Bergenheim, 31, has only played in 40 games this season and hadn't played since Feb. 12 — coincidentally at Minnesota — so he spent the past several weeks working hard off the ice while the Panthers scratched him.

He might be only 5-feet-10, but his strength is evident. It helps him play a hard-forechecking game where he hounds pucks and battles in dirty areas.

"I'm in good shape," he said. "I've been training hard. I don't feel like I haven't played in two weeks. I feel good. That's all that matters."

Bergenheim's arrival triggered four new lines. Yeo reunited Zach Parise, Mikael Granlund and Jason Pominville; and Nino Niederreiter, Charlie Coyle and Jordan Schroeder. Justin Fontaine, who had three goals and three assists in the previous six games, moved to the fourth line as Erik Haula moved to left wing and Kyle Brodziak to center.
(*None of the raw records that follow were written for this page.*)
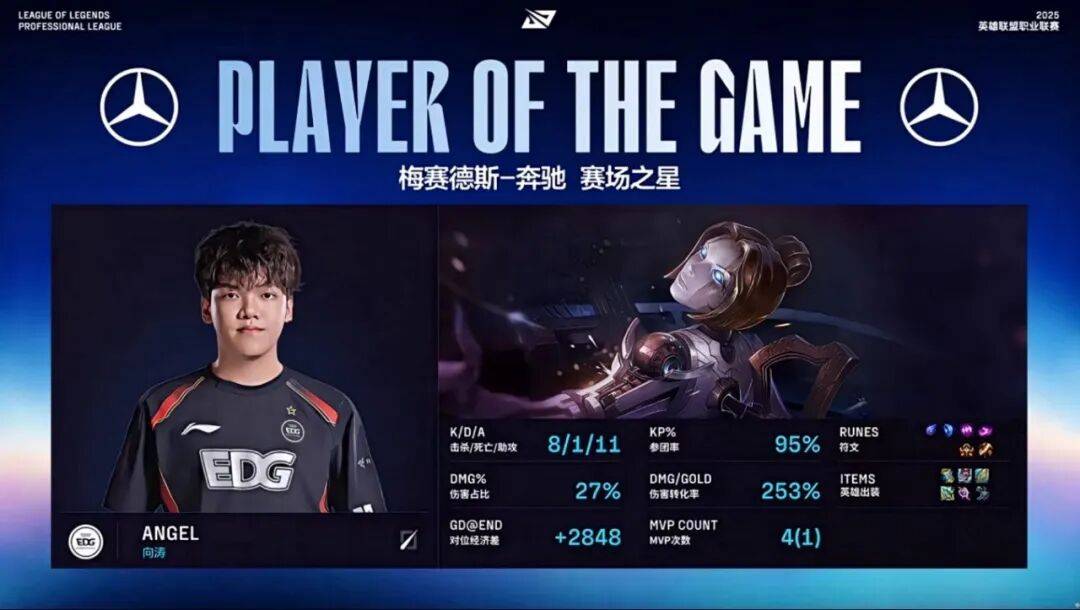 賽(sài)後(hòu)战报丨2025LPL季(jì)後(hòu)賽(sài) EDG 2:3 JDG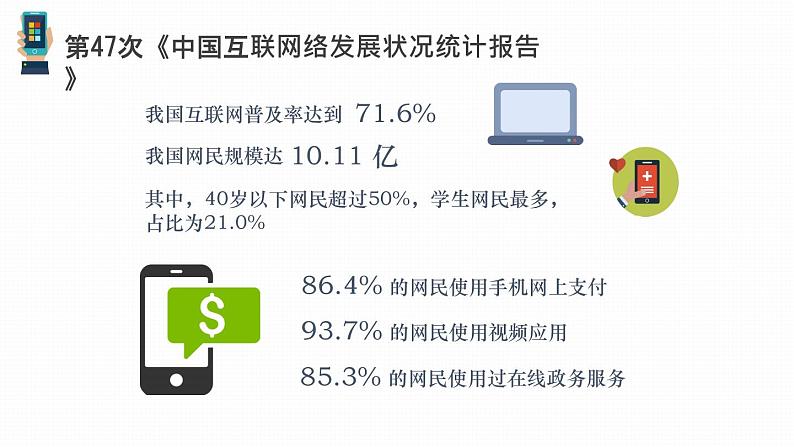 2.1 网络改变世界课件PPT第2页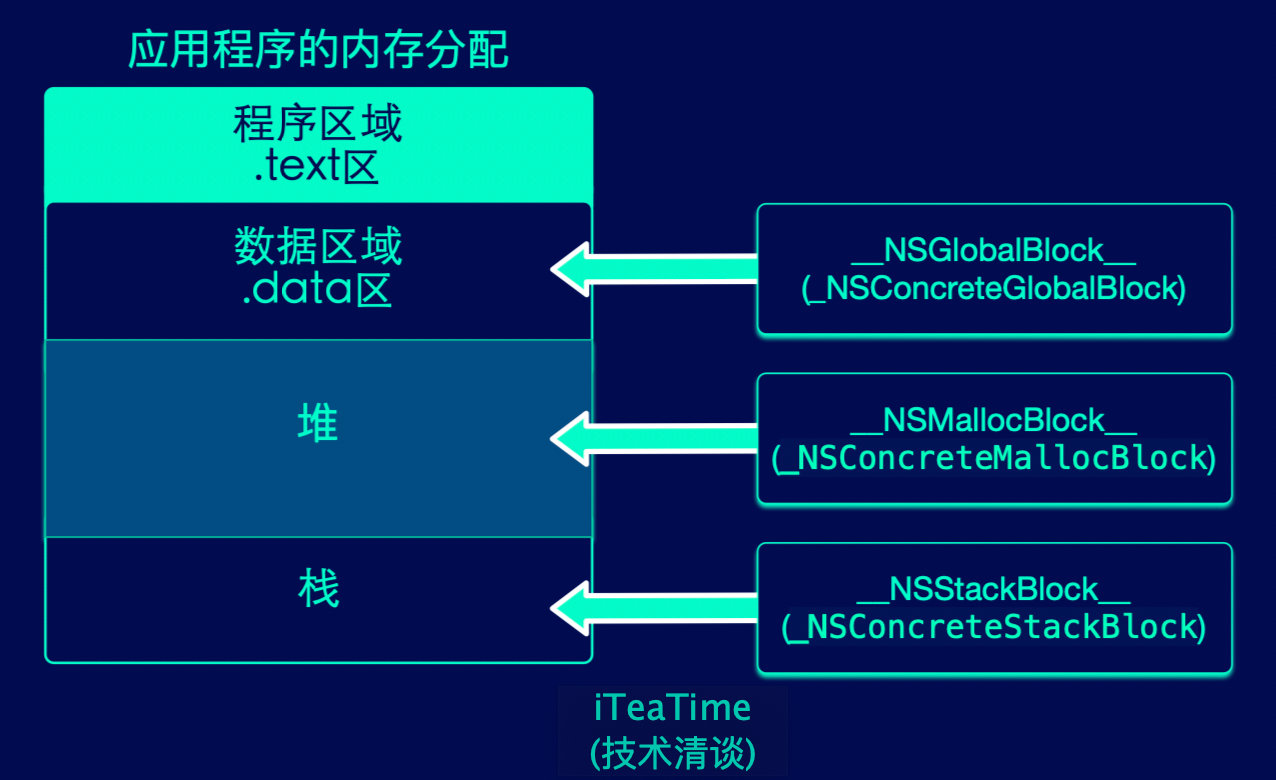 https://github.com/ChenYilong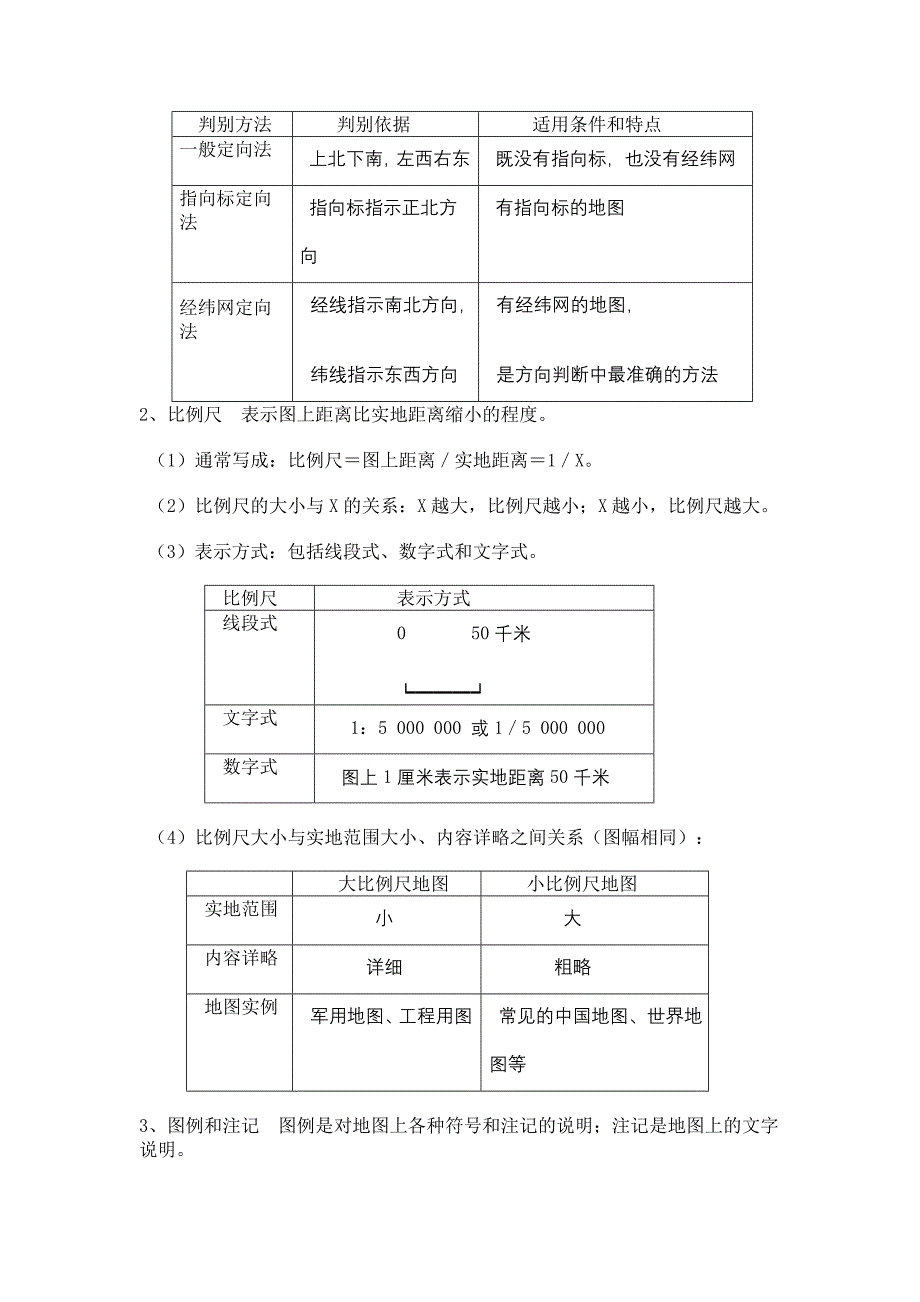 第一课我的家在哪里课堂笔记_第2页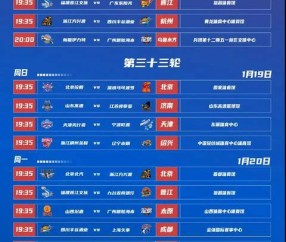 Kaiyun-关于今晨CBA常规赛传出新动向，圣安东尼奥马刺临场应变，高层表态：态度坚定，临场指挥获称赞的信息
Stephane Veilleux, who scored the winning goal two games earlier against Dallas, was scratched.

"Obviously when you have a change to your lineup like this, it's going to affect a lot of things," Yeo said. "We tried to look at a lot of different scenarios, and first off putting a couple lines together that have had chemistry in the past [with the Granlund and Coyle lines].

"Thomas, his game lately, he's involved in probably six to eight scoring chances every game, so we think the way that Mikko's been playing, that line has the ability to create. We'll see how it works at."


Since Devan Dubnyk was traded to Minnesota on Jan. 14, his 2013-14 turmoil with Edmonton and Montreal and 2014-15 resurgence in Arizona has been widely reported. His two-game stint in Nashville has not been.

He started two games, allowing nine goals on 60 shots. He never played for the Predators again.

"My confidence wasn't overly high at the time of the trade [from Edmonton]," Dubnyk said. "I was pretty nervous. When I came to Nashville, I think I put way too much pressure on myself. You just can't perform that way."

"Carter Hutton was lights out. He earned every start he got. … How well he was playing, you just try to wait for your turn and unfortunately it didn't come. [Pekka Rinne] came back after the Olympic break [from a hip infection] and I was the odd man out."

Taking his lumps

Parise was bound to be motivated Thursday. He was coming off a night where he managed to lose three mini-stick knee hockey games at former Wild center Matt Cullen's Brentwood home.

"His kids [Brooks, Wyatt and Joey] picked the teams for every game, and I happened to be on the losing one every time," Parise said, laughing. "But it was a blast. Just awesome. What a great family."